Once we were in Germany, my mom immediately started planning our first family vacation to an actual country. She chose the Netherlands.  We drove our Volkswagon Beetle to Amsterdam and stayed in a hotel.  Our car was broken into, but we saw Anne Frank's house, visited a brewery and saw lots and lots and lots of tulips.

After that, every chance we had, we were on the road.  My mom insisted that we travel to places we'd never been.  My dad was only a Captain, so we had to be frugal.  We camped out in a tent and ate canned food that we cooked on a propane stove.  We walked a lot of places.

My family visited Austria, where we hung around Mozart's house and visited a salt mine.  I spent hours pretending I was an archeologist in Italy, and was mad when my mom wouldn't let us walk up into the Leaning Tower of Pisa.  We camped next to Lake Geneva in Switzerland, and ate tons of chocolate.  We camped on a beach in Spain. We drove into Monaco to see if we could see Grace Kelly.  I got a heat rash in Norway because I was wearing so many pairs of long underwear.  We stood at the Acropolis in Greece and marveled that anything still stood at all after all these years.

All told, we visited most of Europe.  I gained my love of history walking through the old castles and ancient battlements and cobblestone streets.  I ended up with a love of old folk stories, no matter what the country.  And, I learned that the world isn't just what is happening right in front of me.  There are lots of different cultures and people out there, and they all make the world go round.  My horizons were broadened, my education enriched, my life improved.  All thanks to my mom.

Mama’s Losin’ It

3.) What countries have you traveled to?


  1. What a blessing to have seen all those sights! Your mom was so right to insist on all those adventures. You have memories that can never be replaced.

  2. Sounds like a great childhood!

  3. Wise woman, your mama. Those trips sound fantastic.

  4. What rich memories! Your mother's insistence to travel while in Europe was a very wise thing! Great post!

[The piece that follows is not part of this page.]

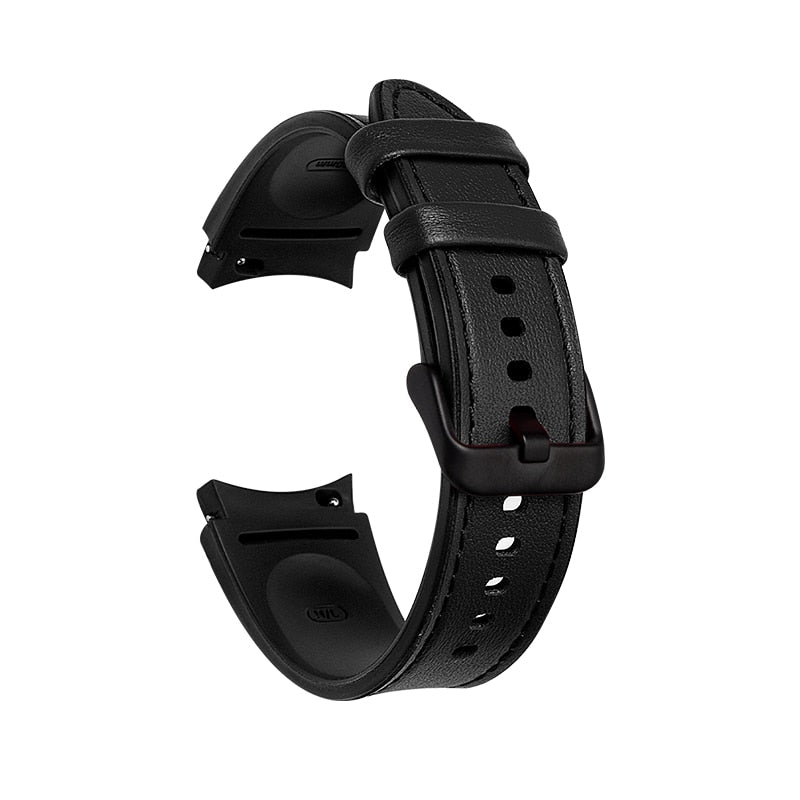 20mm Samsung Galaxy Watch Strap/Band | Black Premium Leather Strap/Band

    My hubby is stationed in Germany right now and we have been taking advantage of seeing as many countries as we can. I am with you. Travelling broadens your horizons and gives you experience that you could never get otherwise. There's just something magical about being "there". Visiting other countries and cultures has changed me for the better, too.

  5. Well done to your mom, I was born in Belfast, moved south of the border, lived in New York, Back to Ireland, visited Paris, London, NY, and Salem Mass.

  6. What great memories and what great opportunities you had. Stopping by from mama kats kelley at the road goes ever ever on

  7. I love travel. Your mom was a great mom to have, ever learning. Folk tales touched my heart. I have always read and collected them. Quite a few were kept by student. I never kept a record system. One book was a Christmas gift a child took, I bought it back in a yardsale by his parents and it did not last two weeks before it was permanently borrowed again. Good thing I had no real interest in a 400 page tome of optical illusions.

  8. Oh my gosh, what a childhood! I always feel bad for kids who have to move around a lot, but you make it sound like maybe it's not so bad after all!